The SR-IOV Network Operator applies node network configuration policies to nodes in sequence. Before applying node network configuration policies, the SR-IOV Network Operator checks if the machine config pool (MCP) for a node is in an unhealthy state such as Degraded or Updating. If a node is in an unhealthy MCP, the process of applying node network configuration policies to all targeted nodes in the cluster pauses until the MCP returns to a healthy state.
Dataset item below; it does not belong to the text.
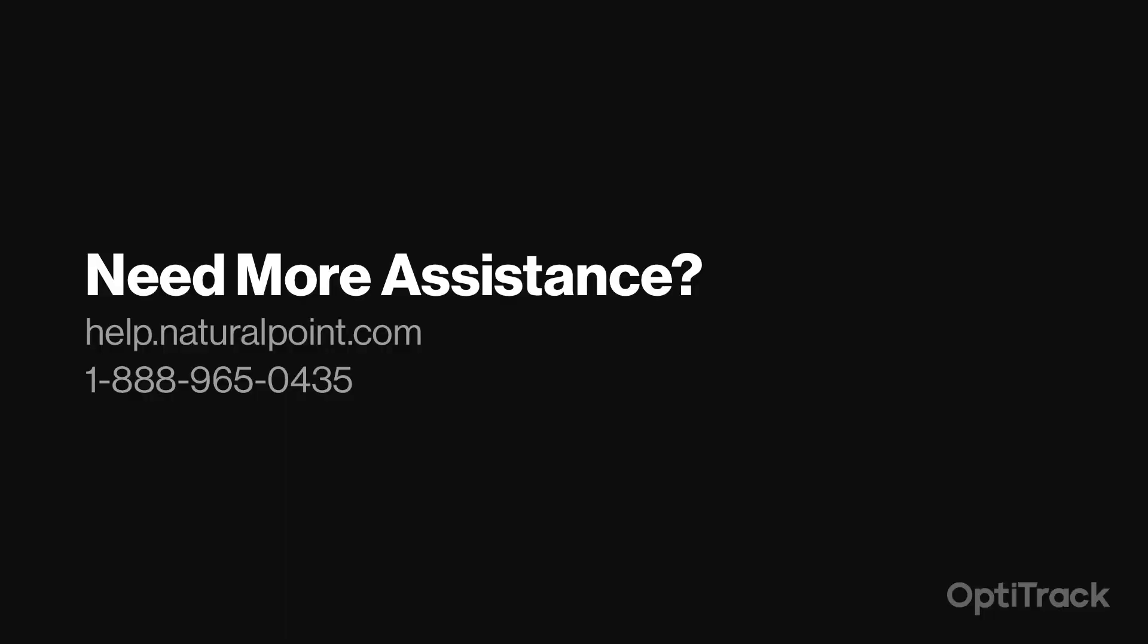That wraps up all the basics needed to get started using the OptiTrack MotionBuilder plugins. Good luck out there!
To avoid a node in an unhealthy MCP from blocking the application of node network configuration policies to other nodes, including nodes in other MCPs, you must create a separate node network configuration policy for each MCP.

5

Optional: The priority is an integer value between 0 and 99. A smaller value receives higher priority. For example, a priority of 10 is a higher priority than 99. The default value is 99.

6

Optional: The maximum transmission unit (MTU) of the physical function and all its virtual functions. The maximum MTU value can vary for different network interface controller (NIC) models.

Important

If you want to create virtual function on the default network interface, ensure that the MTU is set to a value that matches the cluster MTU.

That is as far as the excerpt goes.